Problem to solve: Given these entries, repeat exactly the lines starting with the one that has "Çiçek desenli ve" and going on through the one that has "Just Gym Plock", both included, but none of the pictures.

Task inputs:
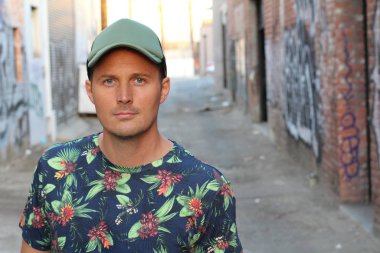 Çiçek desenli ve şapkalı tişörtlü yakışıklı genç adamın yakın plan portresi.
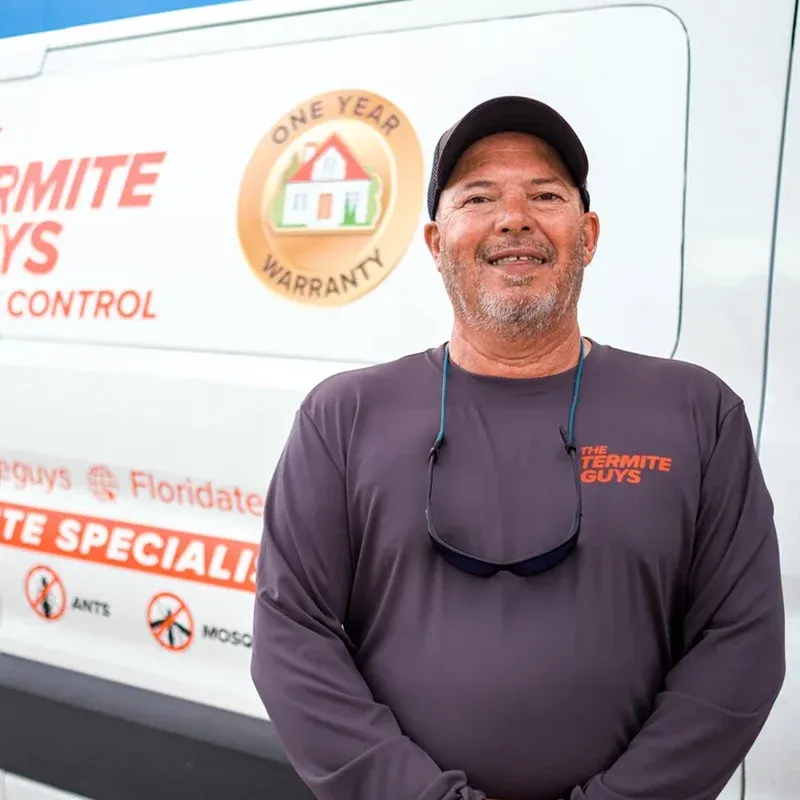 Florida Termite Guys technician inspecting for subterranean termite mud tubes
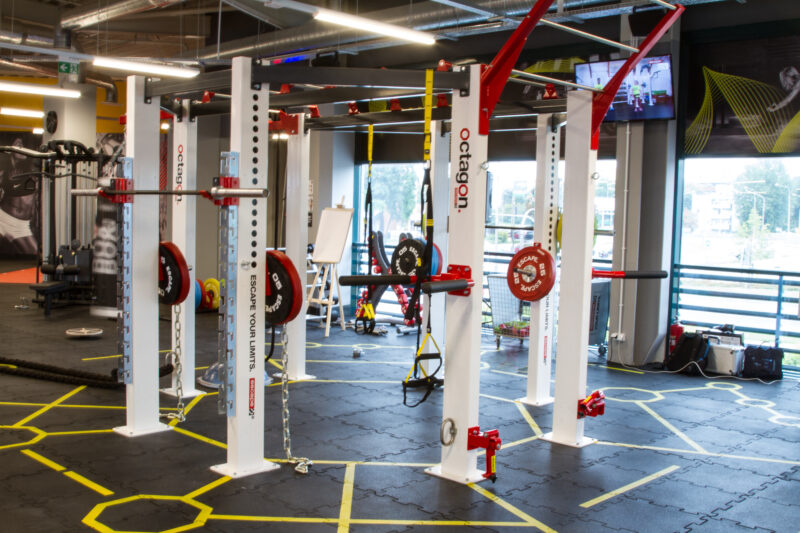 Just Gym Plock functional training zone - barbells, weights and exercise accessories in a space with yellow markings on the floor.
* * *
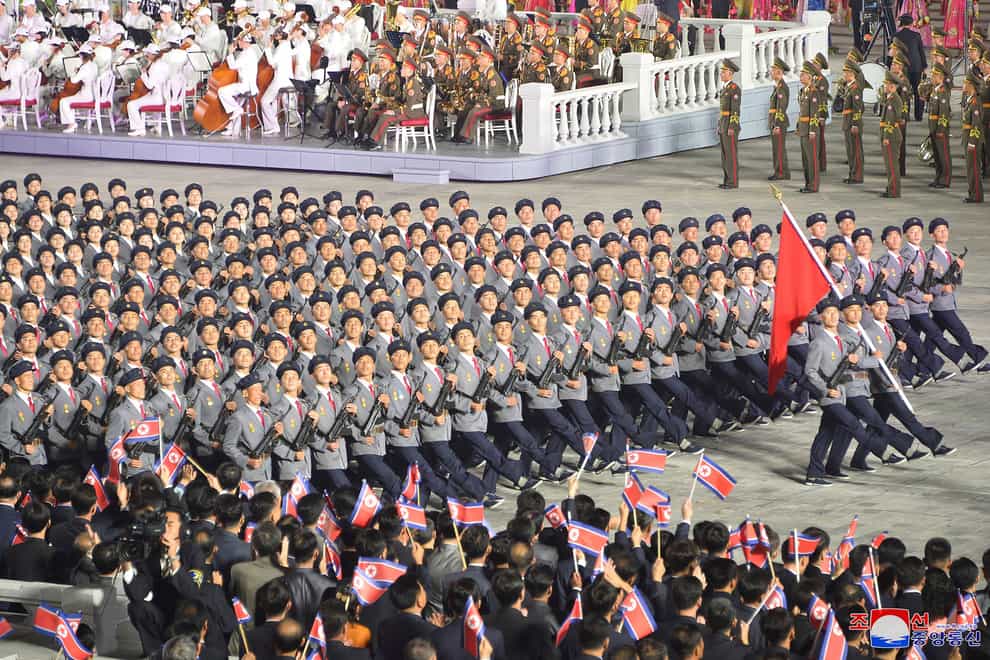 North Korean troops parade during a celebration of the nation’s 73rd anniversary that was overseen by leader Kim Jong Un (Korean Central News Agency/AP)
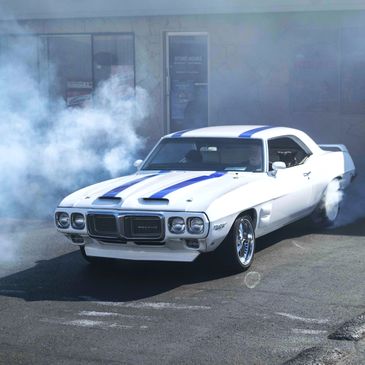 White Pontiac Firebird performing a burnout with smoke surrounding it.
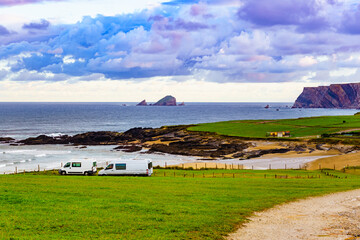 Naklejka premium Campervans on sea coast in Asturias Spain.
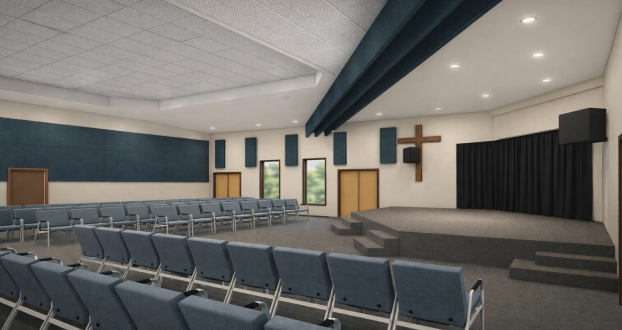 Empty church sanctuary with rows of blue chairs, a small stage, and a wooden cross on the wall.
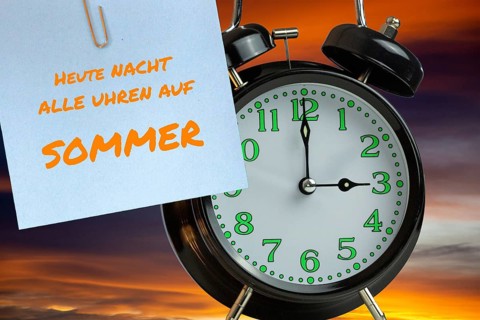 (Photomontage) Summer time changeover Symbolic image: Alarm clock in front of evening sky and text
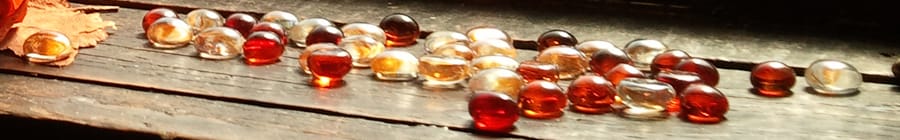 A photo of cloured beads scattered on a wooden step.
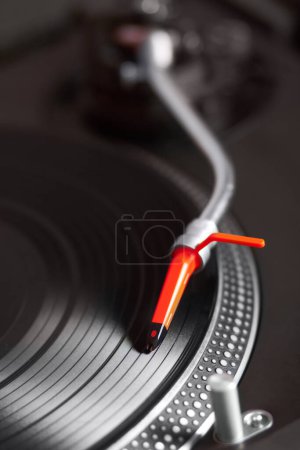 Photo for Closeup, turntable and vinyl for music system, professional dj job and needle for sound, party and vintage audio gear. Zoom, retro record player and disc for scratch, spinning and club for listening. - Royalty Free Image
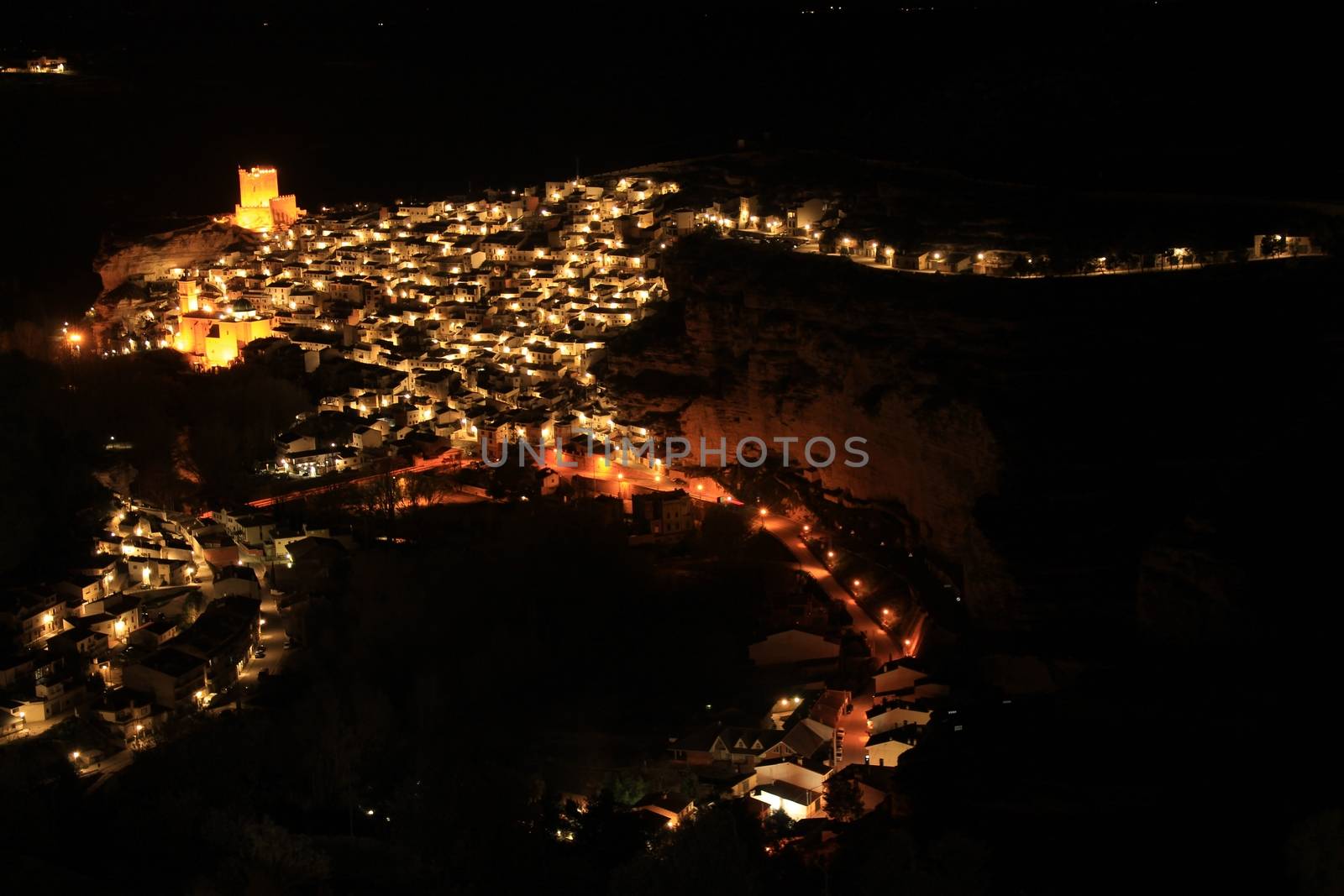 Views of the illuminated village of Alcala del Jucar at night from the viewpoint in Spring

Response area:
 Çiçek desenli ve şapkalı tişörtlü yakışıklı genç adamın yakın plan portresi.
 Florida Termite Guys technician inspecting for subterranean termite mud tubes
 Just Gym Plock functional training zone - barbells, weights and exercise accessories in a space with yellow markings on the floor.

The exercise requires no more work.